Les ânes

Un fermier et ses deux fils se rendaient à la foire vendre leur âne.
Sur le chemin, le benjamin, une tête de mule, dit à l’aîné.
« Regarde, l’herbe est bleue. » « Mais non, elle est verte. »
« L’herbe est bleue. » « L’herbe est verte. »
« L’herbe est bleue. » « L’herbe est verte. »
L’âne et le père continuaient d’avancer, sans se soucier d’eux.
Mais la dispute s’envenime.
Les fils décident de la soumettre à l’arbitrage de leur père.
« Père, l’herbe est bleue, n’est-ce pas? », rétorque l’espiègle benjamin.
« Tourne-toi » dit le père.
Une fois de dos, il lui administre un magistral coup de pied au cul.
Le benjamin part par devant rejoindre l’âne et son harnais.
L’aîné applaudit à cette punition.
Son père l’apostrophe : « Tourne-toi. »
L’aîné, surpris, obéit.
Et le père lui botte le cul de la même manière que l’autre.
« Mais père, pourquoi me punissez-vous si j’ai raison? »
Le fermier réunit ses deux fils en les tirant chacun par une oreille.

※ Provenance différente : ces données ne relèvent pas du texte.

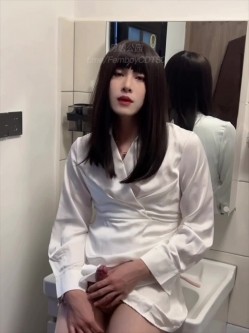 圣诞狂欢 Cindy腿腿 国产极品人气TS，长相清纯身材一流，一双纤细的大长腿，不输任何女人 截图7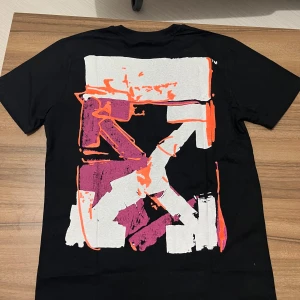 Svart Off White T-shirt - Svart off white T-shirt, i storlek M. Endast använd ett par gånger, säljer på grund av att den inte passar på mig. Vid snabb affär kan priset diskuteras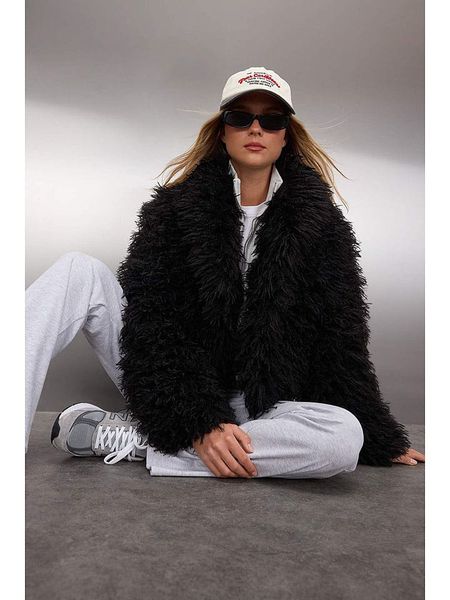 Trendyol Kurtka pluszowa w kolorze czarnym rozmiar: L. Czarne kurtki damskie Trendyol, l, bez wzorów, bez kaptura. Za 91.56 zł.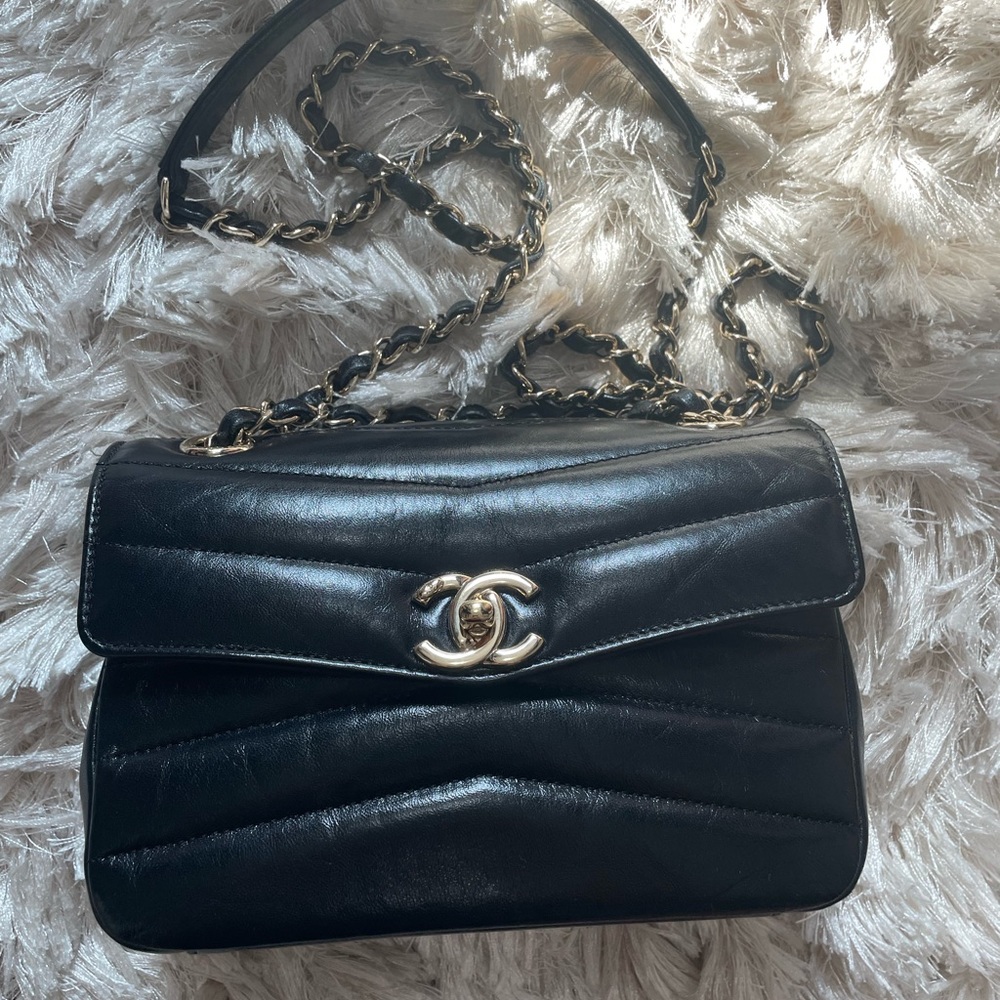 💥SOLD💥Chanel mini - Picture 2 of 10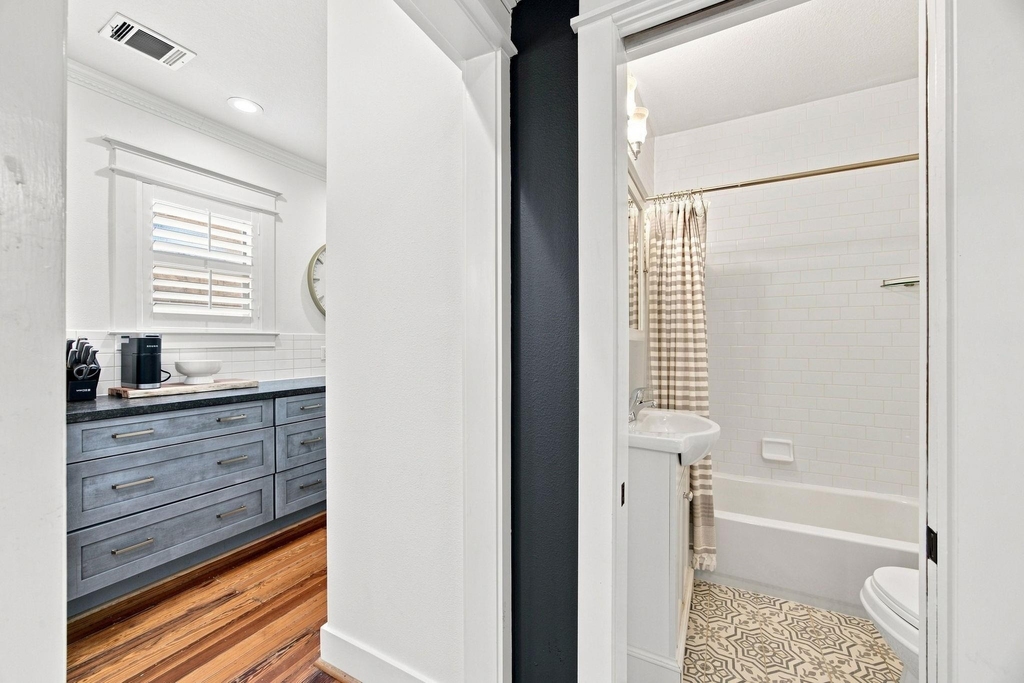 4618 Mcewen Street - Photo 16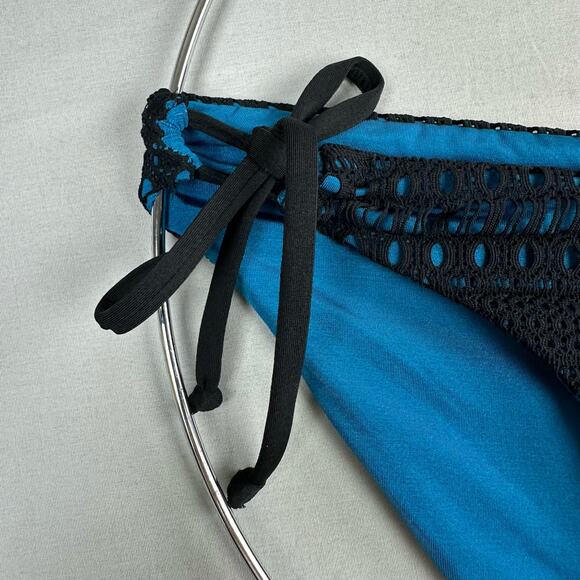 CA by Vitamin A Women’s Medium Micheala Crochet Reversible - Picture 2 of 7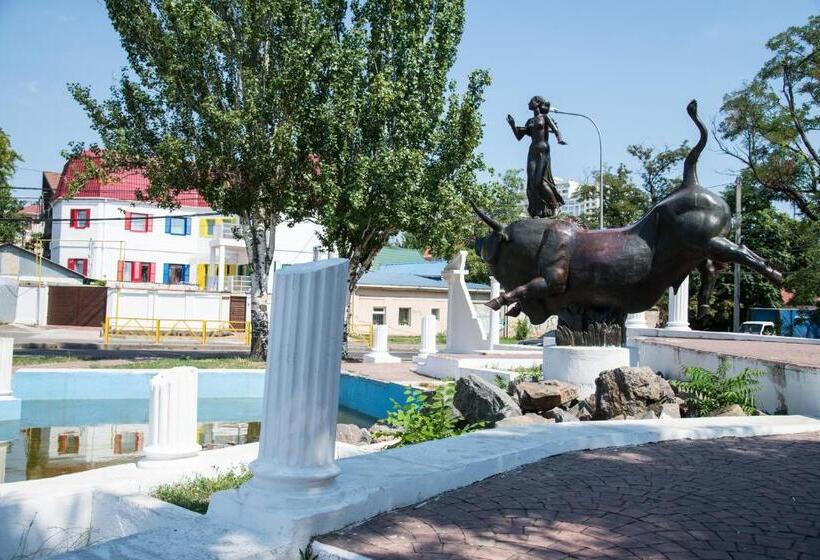 هتل 12 Months Mini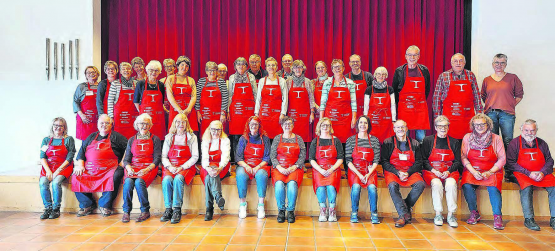 Das fast komplette «Tischlein deck dich»-Team der Abgabestelle Reinach Menziken. Die Freiwilligenarbeit bewirkt Gutes, indem von Armut betroffenen Menschen geholfen und «food waste» vermieden wird. (Bild: zVg.)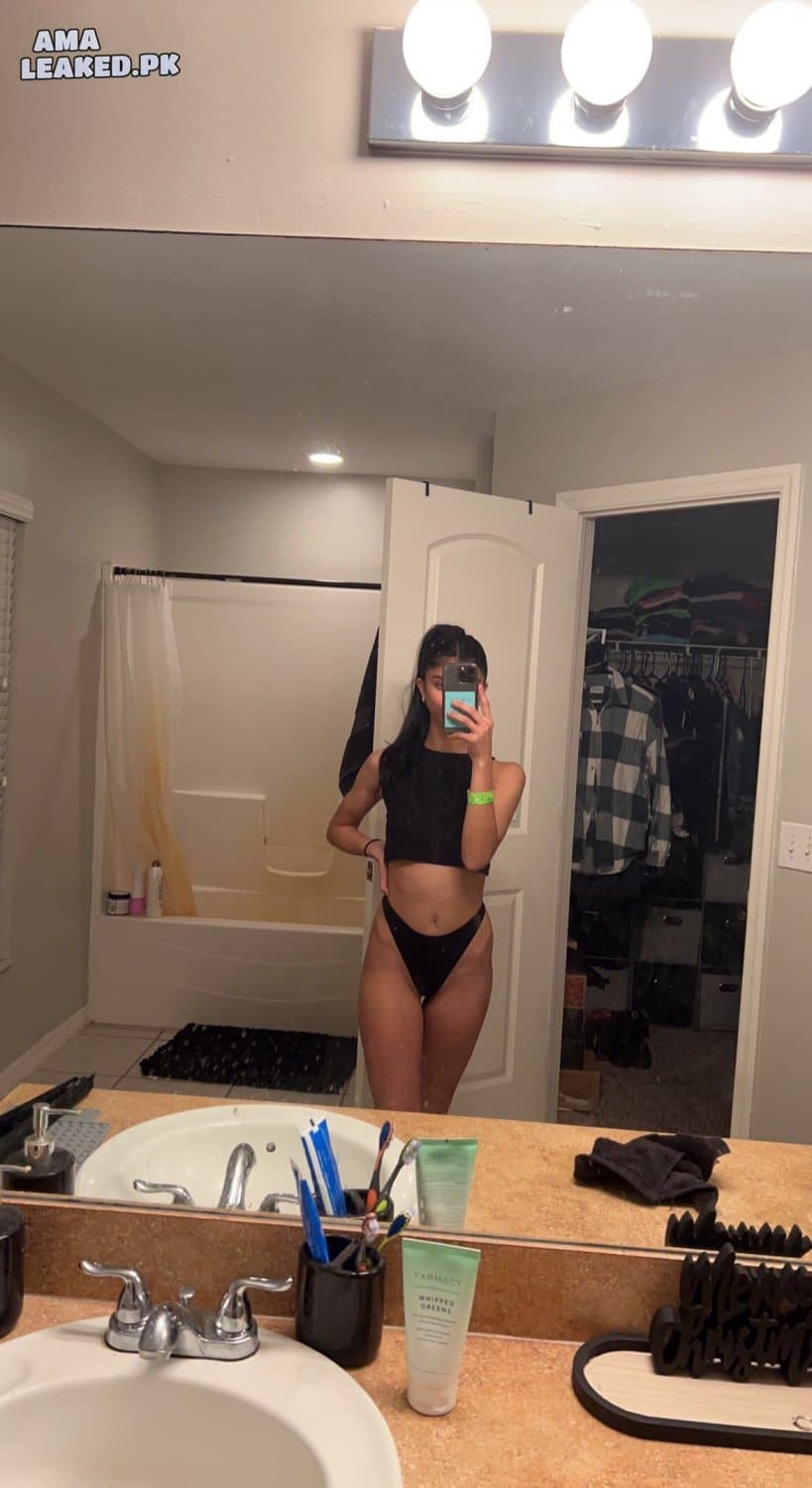 Kenzie Hayes Leaks Part 1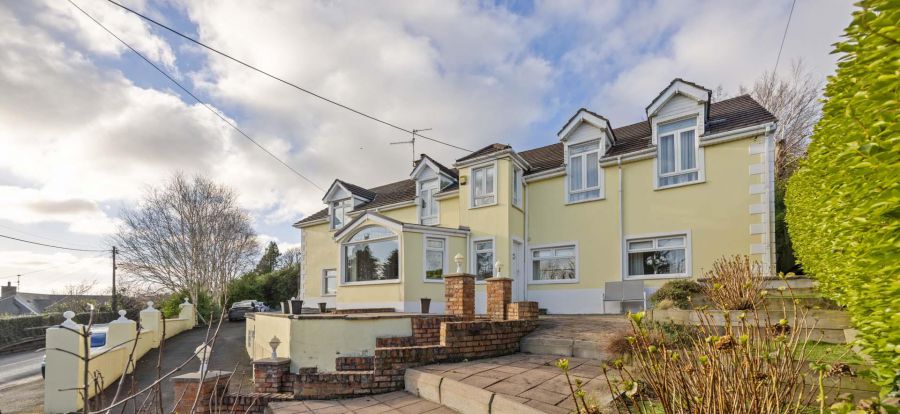 Detached Residence and Annex @, 73 Colinglen Road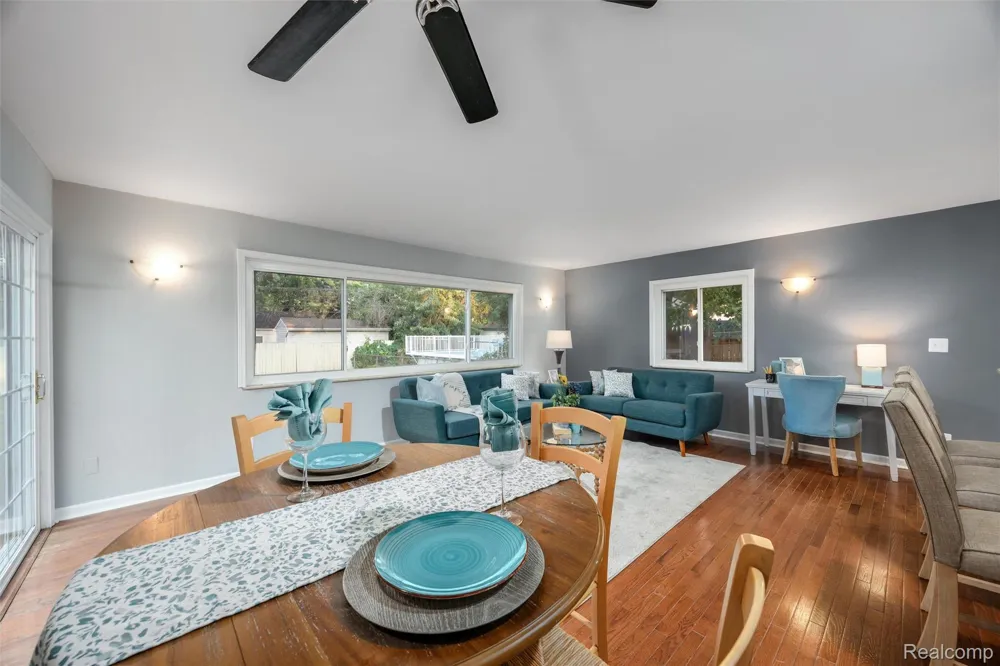 300 Edgeworth Avenue Royal Oak City, MI 48067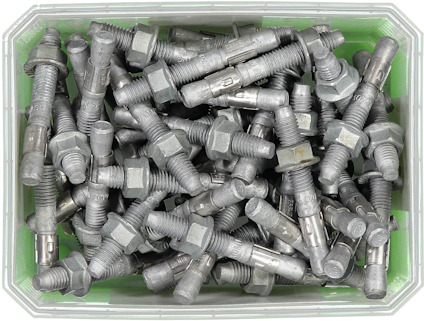 Stålbultar i en grön plastlåda.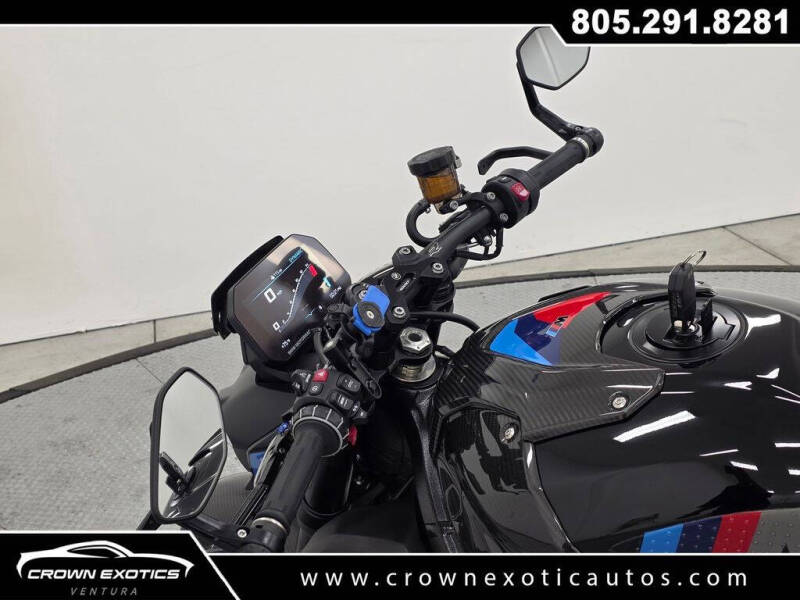 2025 BMW M 1000 R
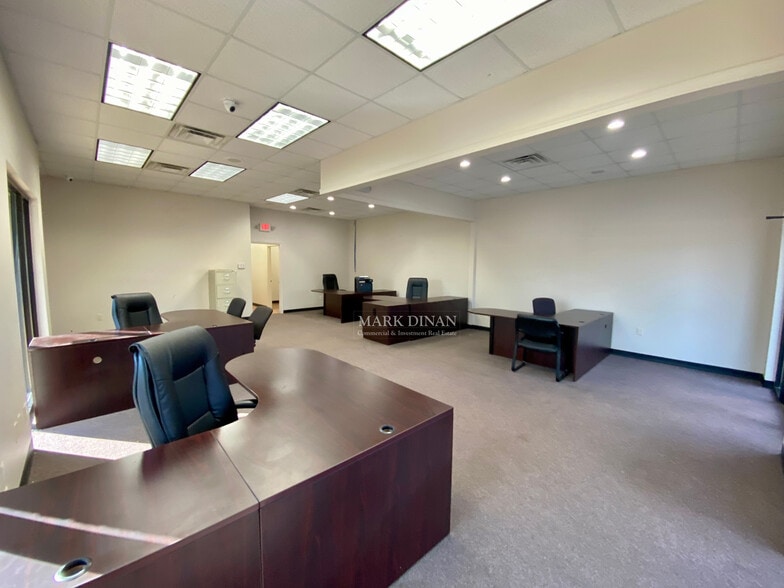 37 Buck Creek Plz, Alabaster, AL for lease - Building Photo - Image 2 of 10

« Votre punition n’a rien à voir avec la question de savoir si l’herbe est bleue ou verte. Mais du fait que vous vous occupiez seulement d’avoir raison. Sans souci de la vérité ou de la réalité. Ne perdez jamais de temps à présenter des arguments qui n’ont aucun sens. Il y a des gens qui, quelles que soient les preuves qu’on leur présente, ne sont pas en mesure de comprendre. Et d’autres, aveuglés par leur ego, leur fanatisme ou leur ressentiment, qui ne souhaiteront jamais qu’une seule chose : avoir raison même s’ils ont tort. »
« Mais alors père, faudrait-t-il donner la fessée à tous ceux qui agissent ainsi? », demanda le benjamin en se massant la croupe.
« Si le résultat est bon pour mes deux ânes de fils, pourquoi pas ».
Et les quatre compagnons reprirent gaiement la route vers le marché.